[Scraped caption text data]
*** Block opens ***

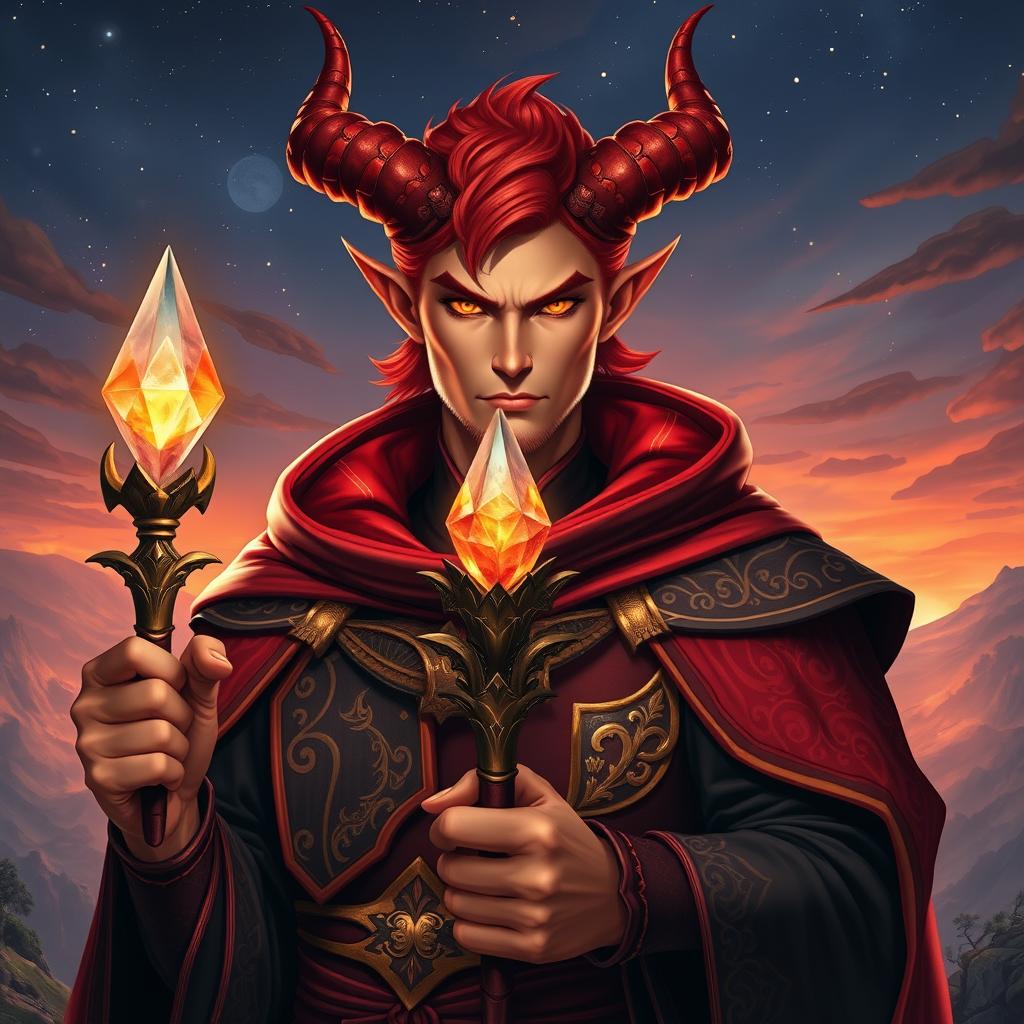 An imposing male red mage with stylishly curved horns prominently displayed on his forehead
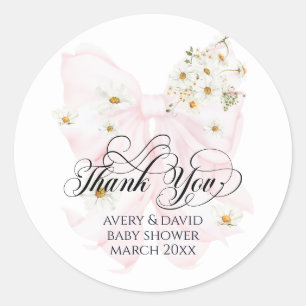 Baby in Bloom Daisy Pink Bow Girl Baby Dusche Runder Aufkleber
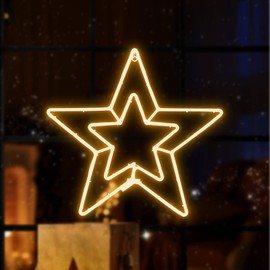 JUSTPRO [Large 22x21 Inch] Super-Bright 360LED Star Neon Motif Warm White LEDs Outdoor Christmas Decoration with UL Standard Adaptor Waterproof for Outdoor Home Party Wall Hanging Holiday Christmas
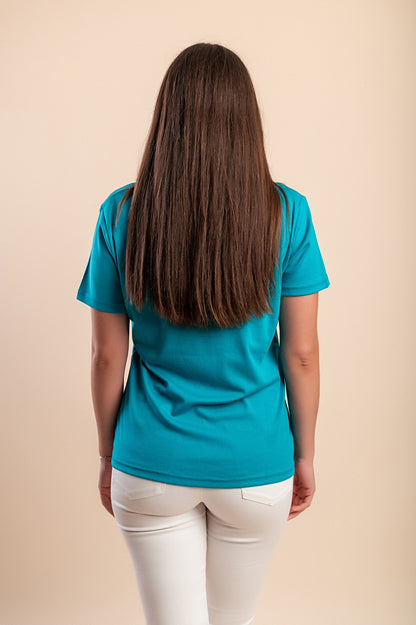 T-shirt in cotone con stampa, turchese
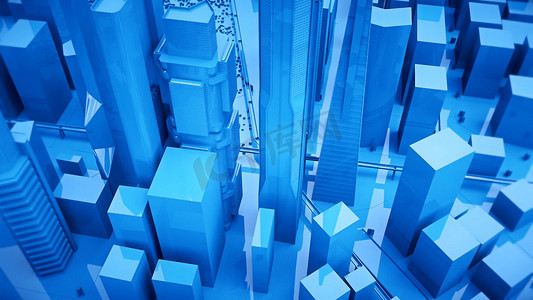 蓝色摩天大楼的场景。 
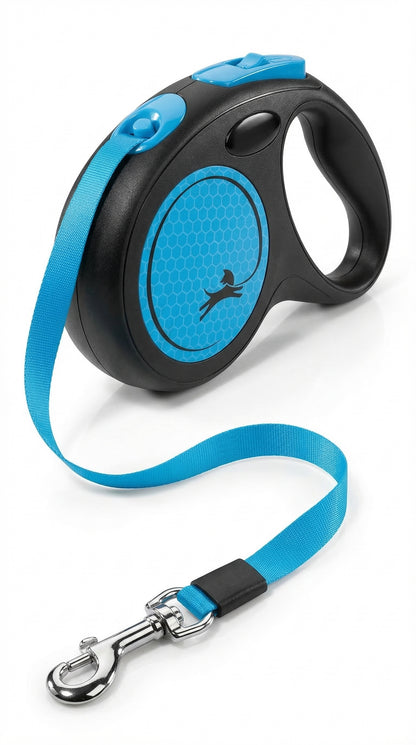 Flexi New Classic Neon Rollijn Tape Reflecterend Hond | Zwart/Blauw S 5m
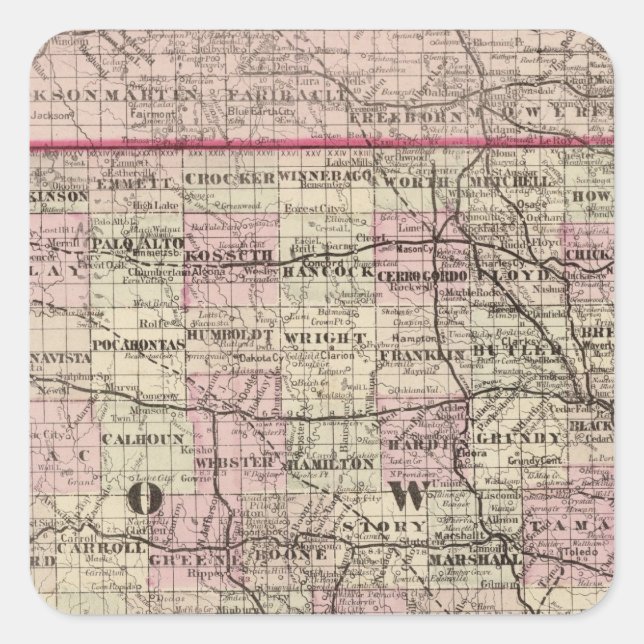 Pegatina Cuadrada Iowa 4 (Anverso)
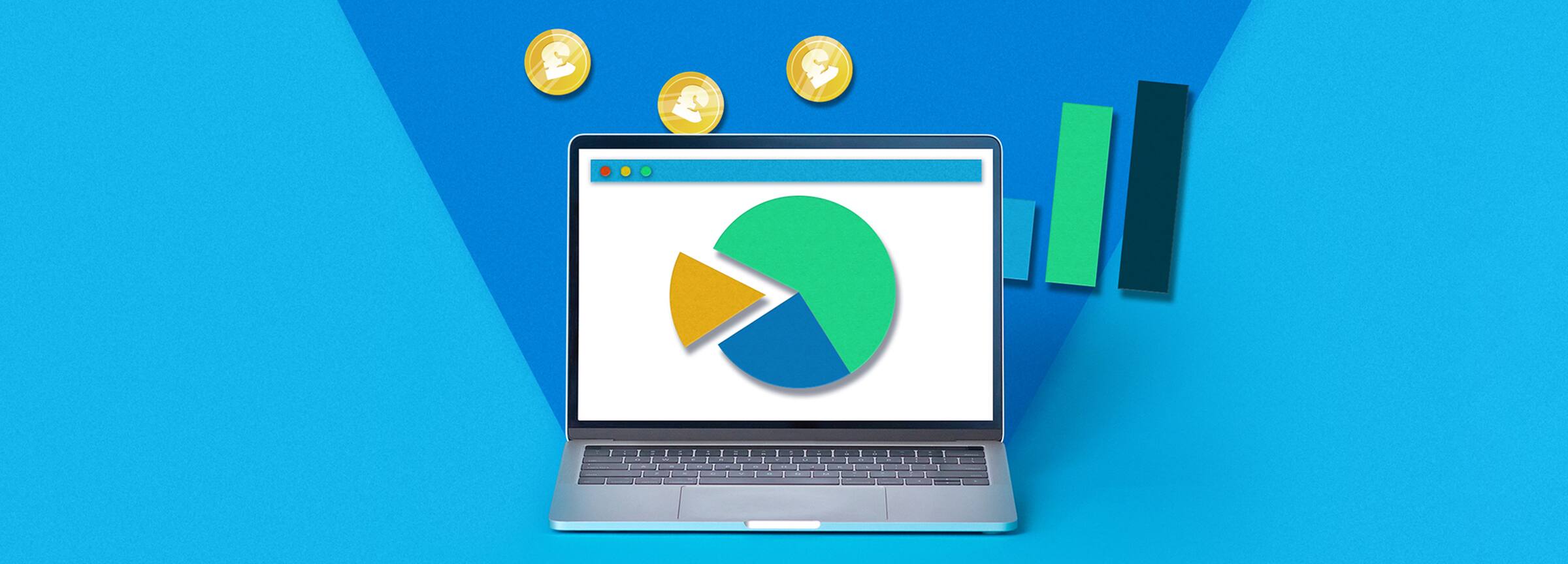 A laptop displaying a cash flow forecast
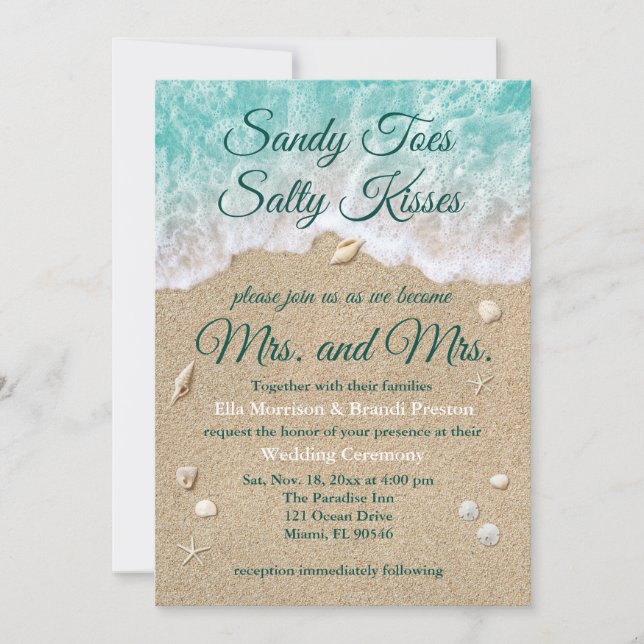 Beach Waves Sandy Toes Salty Kisses Mrs. & Mrs. Einladung (Vorderseite)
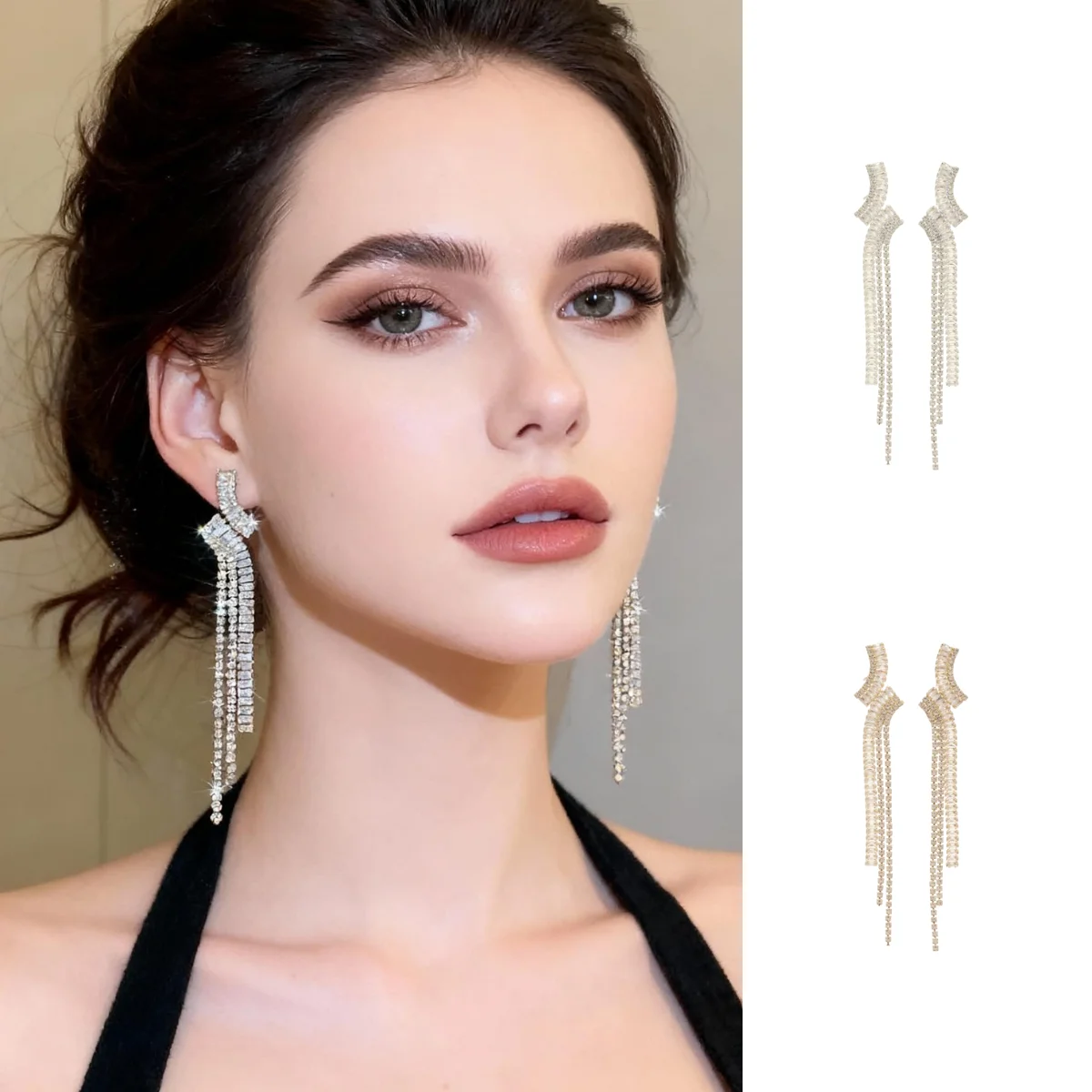 

Zircon Fringe Stud Earrings Geometric Vintage Elegance Dangle Earrings Silver Stud Earrings Luxury-Inspired Sophisticated Gifts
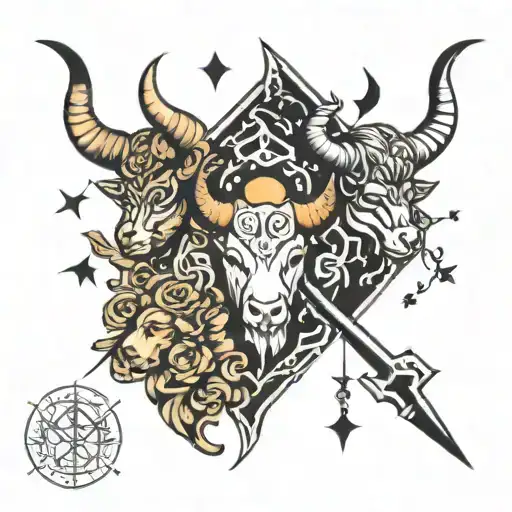 taurus aries and sagittarius tattoo design idea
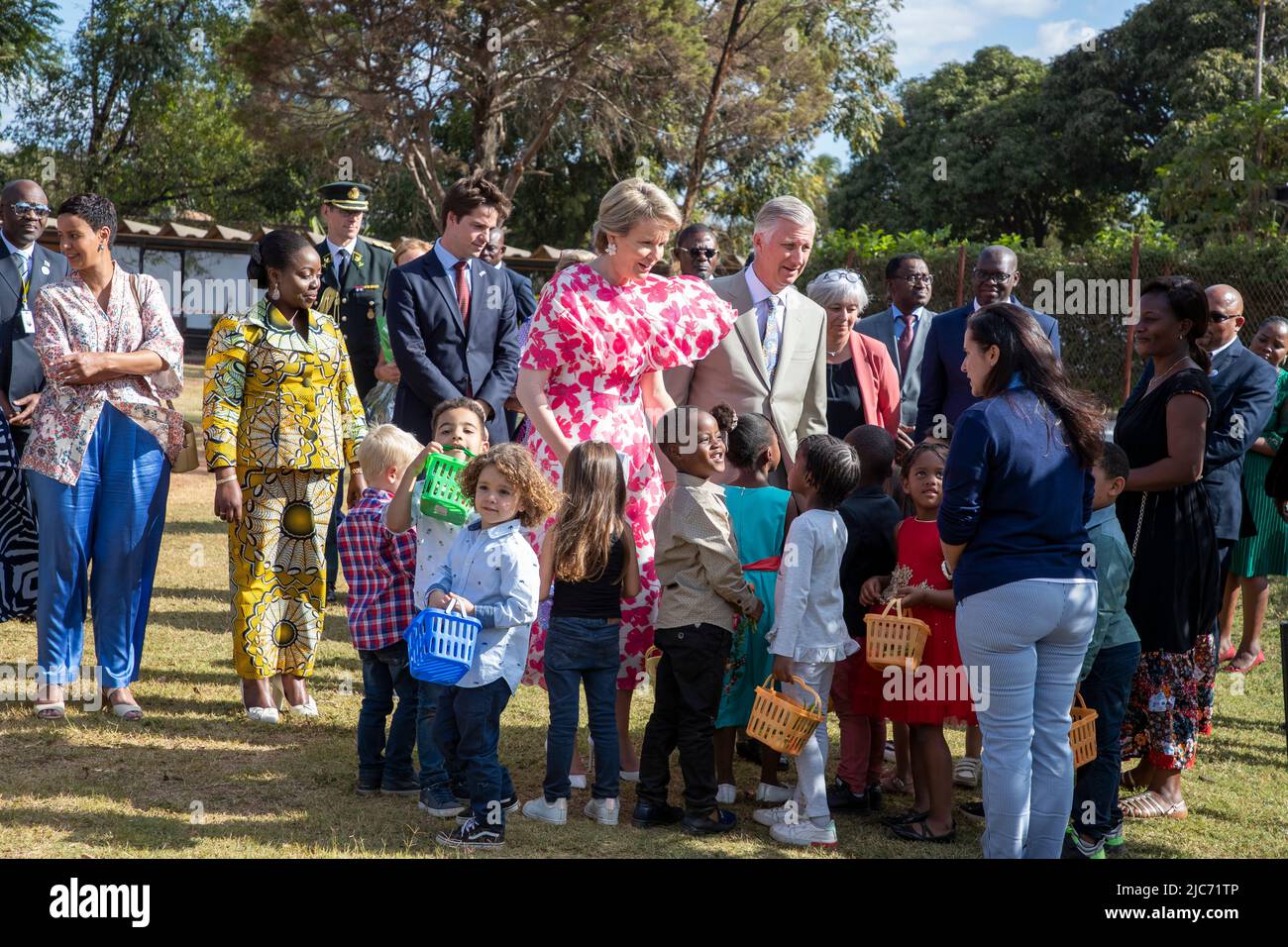 DR Congo. 10th June, 2022. Minister for Development Cooperation Meryame Kitir (L) , State Secretary for scientific policy Thomas Dermine (3L), Queen Mathilde of Belgium and King Philippe - Filip of Belgium pictured during a visit to the 'Ecole Belge' private school in Lubumbashi, during an official visit of the Belgian Royal couple to the Democratic Republic of Congo, Friday 10 June 2022. The Belgian King and Queen will be visiting Kinshasa, Lubumbashi and Bukavu from June 7th to June 13th. BELGA PHOTO NICOLAS MAETERLINCK Credit: Belga News Agency/Alamy Live News Stock Photo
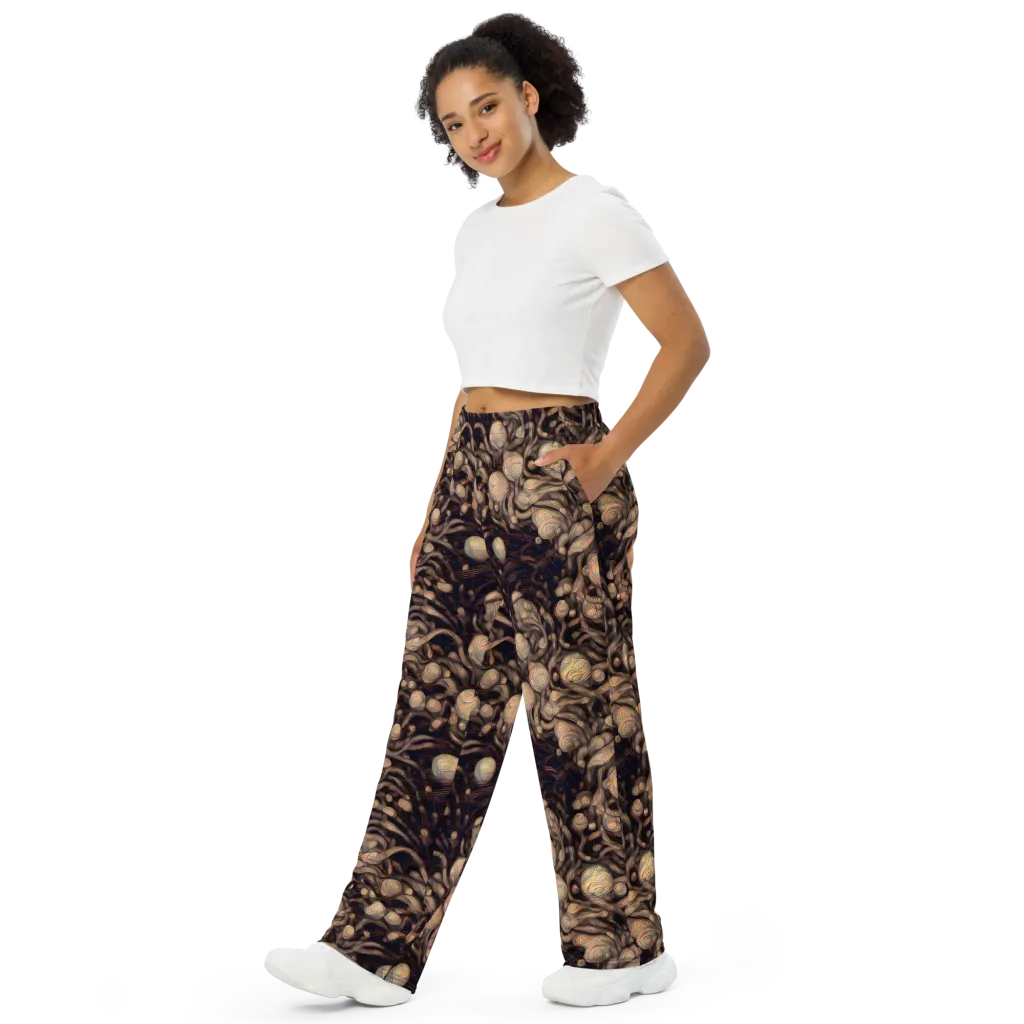 Midnight Tree Rings on Wide-Leg Pants — Left Front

*** Block closes ***

WORK REQUEST: A word-for-word copy of the data, without its pictures, is what is needed.

THE ANSWER:
 An imposing male red mage with stylishly curved horns prominently displayed on his forehead
 Baby in Bloom Daisy Pink Bow Girl Baby Dusche Runder Aufkleber
 JUSTPRO [Large 22x21 Inch] Super-Bright 360LED Star Neon Motif Warm White LEDs Outdoor Christmas Decoration with UL Standard Adaptor Waterproof for Outdoor Home Party Wall Hanging Holiday Christmas
 T-shirt in cotone con stampa, turchese
 蓝色摩天大楼的场景。 
 Flexi New Classic Neon Rollijn Tape Reflecterend Hond | Zwart/Blauw S 5m
 Pegatina Cuadrada Iowa 4 (Anverso)
 A laptop displaying a cash flow forecast
 Beach Waves Sandy Toes Salty Kisses Mrs. & Mrs. Einladung (Vorderseite)

Zircon Fringe Stud Earrings Geometric Vintage Elegance Dangle Earrings Silver Stud Earrings Luxury-Inspired Sophisticated Gifts
 taurus aries and sagittarius tattoo design idea
 DR Congo. 10th June, 2022. Minister for Development Cooperation Meryame Kitir (L) , State Secretary for scientific policy Thomas Dermine (3L), Queen Mathilde of Belgium and King Philippe - Filip of Belgium pictured during a visit to the 'Ecole Belge' private school in Lubumbashi, during an official visit of the Belgian Royal couple to the Democratic Republic of Congo, Friday 10 June 2022. The Belgian King and Queen will be visiting Kinshasa, Lubumbashi and Bukavu from June 7th to June 13th. BELGA PHOTO NICOLAS MAETERLINCK Credit: Belga News Agency/Alamy Live News Stock Photo
 Midnight Tree Rings on Wide-Leg Pants — Left Front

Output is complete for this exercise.